His actions in the temple were also political theater.  The temple was the place where people came to be reconciled to God, which they did by paying for the priests to sacrifice live animals on their behalf.  In this way, the temple controlled access to God. But the temple also collected taxes for the Romans, and stored the records of debt. So the temple was both a bank and a place of worship, and it was presided over by a High Priest who was in the Romans’ pocket.  So Jesus’ driving out of the money changers was an act of protest against this whole system. He didn’t think that we need anything to mediate between us and God, and he protested the system of economic and political domination that the temple had come to represent.

But what, if anything, does political theater have to do with the spiritual life?  It’s often the domain of activists, and while some of them are deeply spiritual people, some are not.  Some are more guided by anger than love. Yet Jesus makes clear that following him includes following him to Jerusalem, a place where oppression and political evil cannot be denied, a place where a once beautiful idealism has rotted.  How can a contemplative, who is driven by a deep affinity with God’s love for the world, encounter and protest oppression without going astray?

Gerald May, in his book The Dark Night of the Soul, which is primarily about Teresa of Avila and John of the Cross, has some useful thoughts about this:

Instead of looking into social and political dynamics specifically, Teresa and John keep returning to the experience of the individual soul in relationship to God.  I have found this to be true of other contemplative writers as well. It is not that they are unconcerned with social liberation and justice, but that they are convinced such transformation will happen only through the changing of individual hearts.  The Dalai Lama put it starkly in 1991: “Although attempting to bring about world peace through the internal transformation of individuals is difficult, it is the only way.”

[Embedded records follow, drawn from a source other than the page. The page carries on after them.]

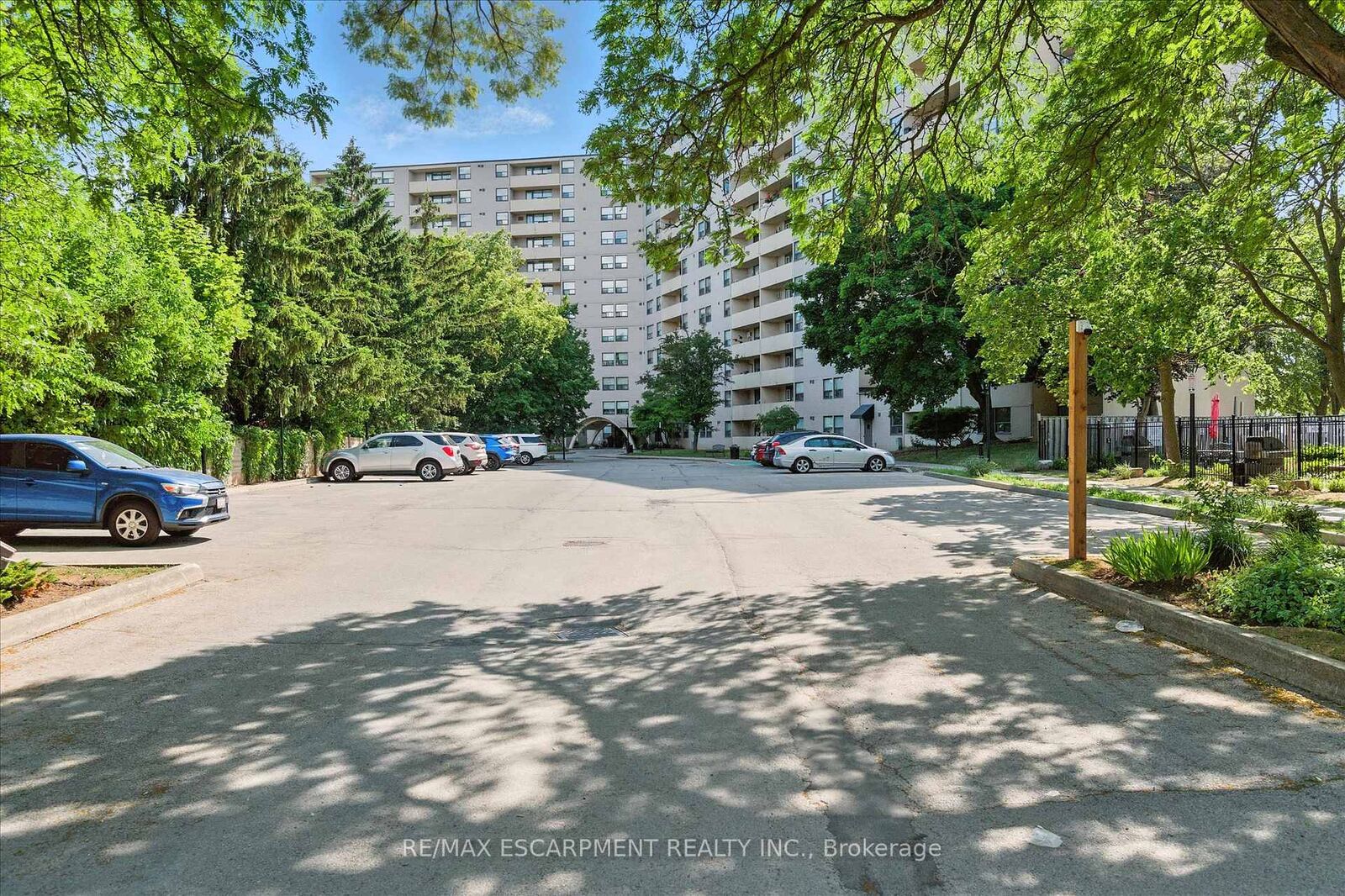Property Photo:  700 Dynes Road 909  ON L7M 3N2 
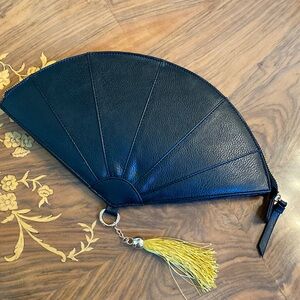 Nila Anthony fan clutch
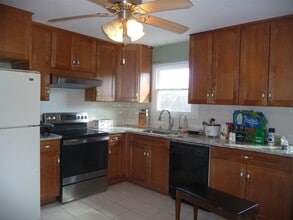 111 Rolling Meadows Rd in Middletown, NY - Foto de edificio - Building Photo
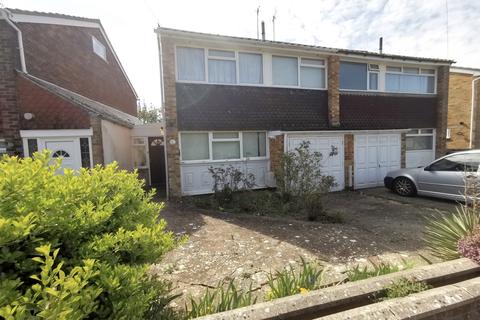 9 Manor Way, Polegate, BN26 5AT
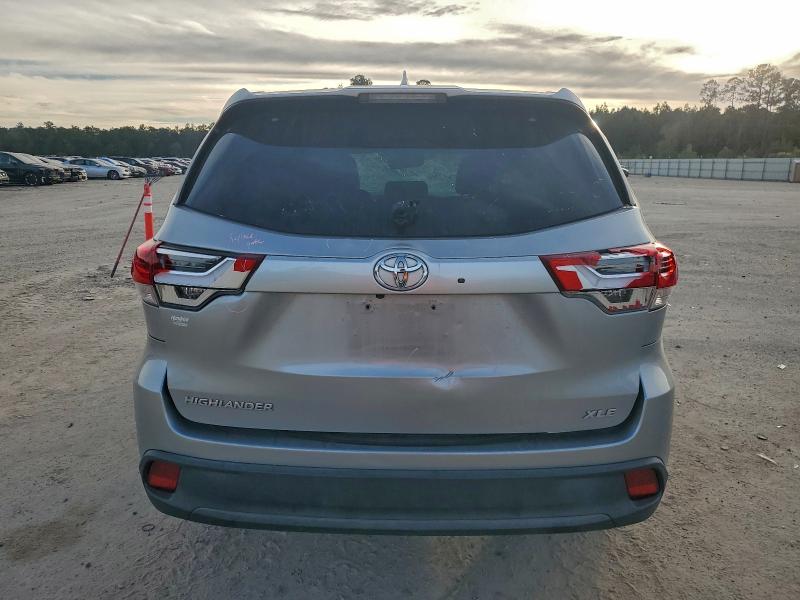 Photo 6 from auction – 2017 TOYOTA HIGHLANDER with VIN 5TDKZRFH4HS516628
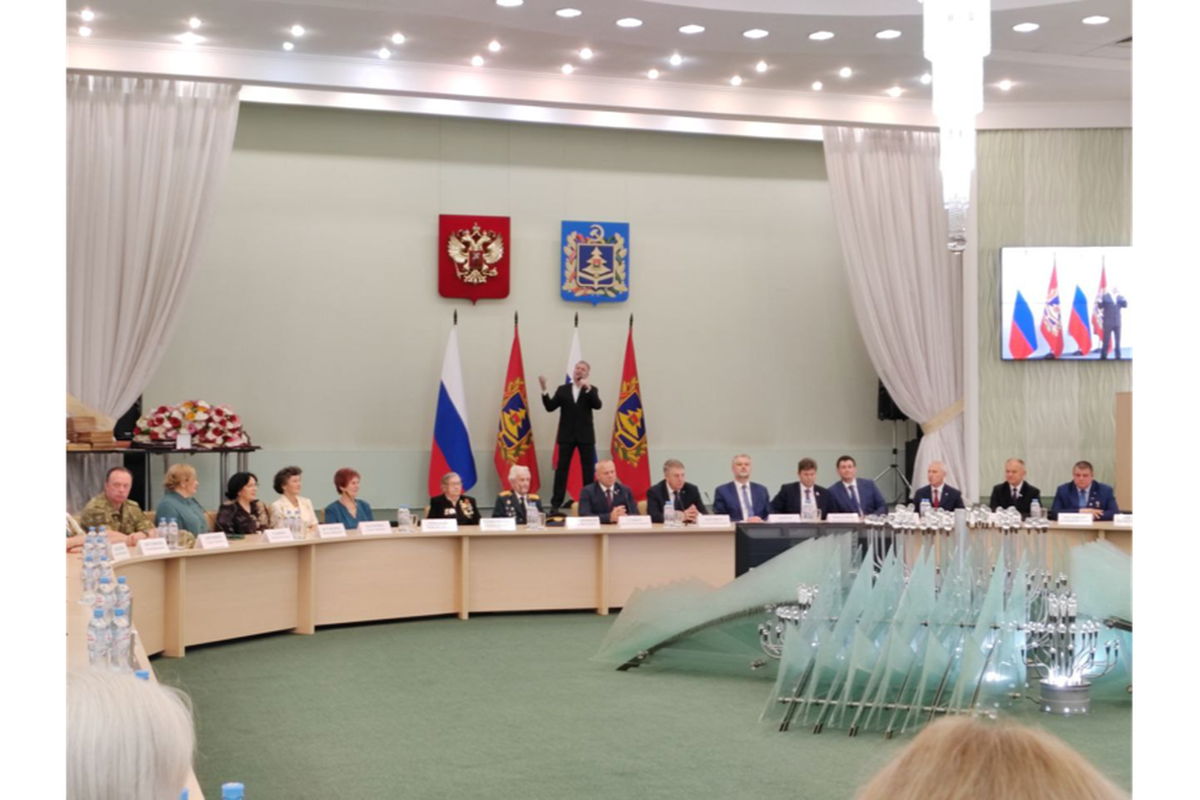 Доярка и тракторист стали героями дня на празднике в Брянске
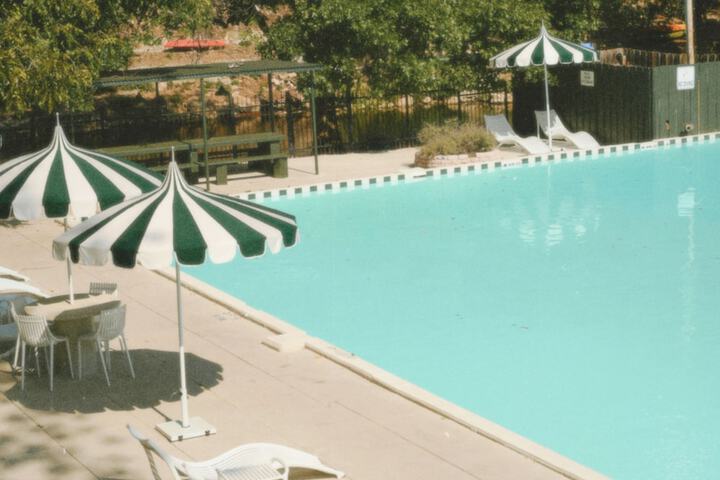 Pool 62 of 72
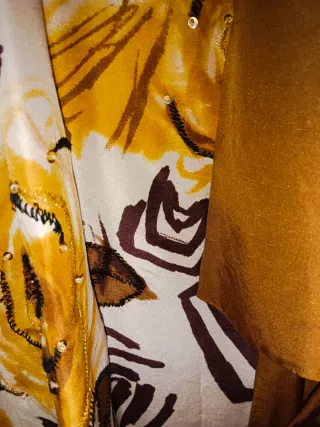 Falda estampada flores y pedreria de seda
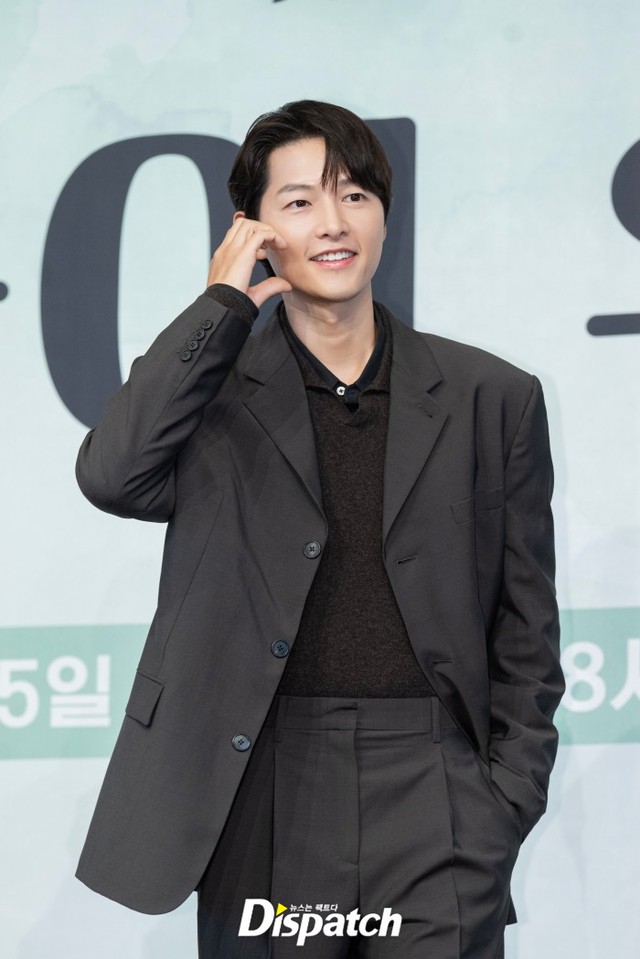Song Joong Ki tái xuất gây ngỡ ngàng, làm "bố 2 con" mà vẫn trẻ cỡ này- Ảnh 2.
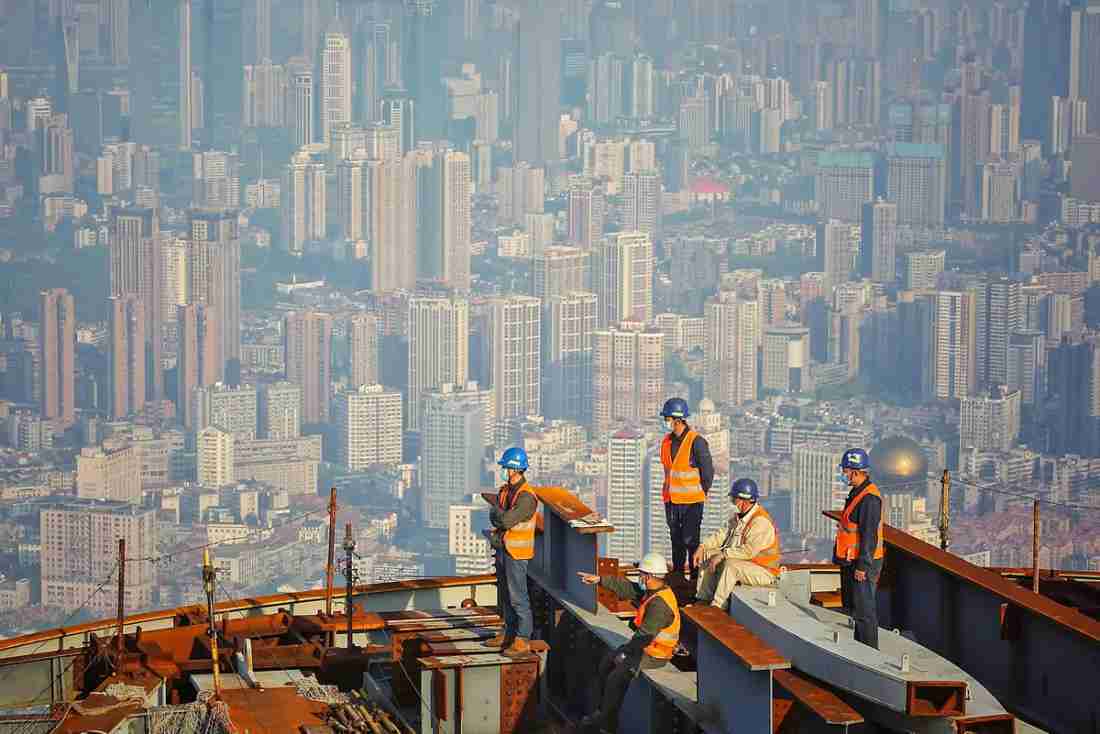 Mặt trái của cuộc khủng hoảng bất động sản tại Trung Quốc: Nhu cầu dùng xi măng giảm, môi trường khí hậu được …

Jesus’ theatrics is not meant to bring the temple system down – he knows that it will fall under its own weight fairly soon.  His actions are meant to bring into question the very suppositions that the temple system is based on. Do we need to purchase God’s forgiveness through sacrifice?  Do we need our relationship with God to be mediated by a religious or political system? When we’re faced with a controlling and dominating person or group, is our only recourse to control and dominate in return?  His actions confront the many assumptions that get in the way of transformation. As long as violence, dominance, and oppression go unquestioned, the world can’t be transformed. But more than that, as long we refuse to question those forces in our spiritual lives, wecan’t be transformed, and the transformation of the world depends on our internal work.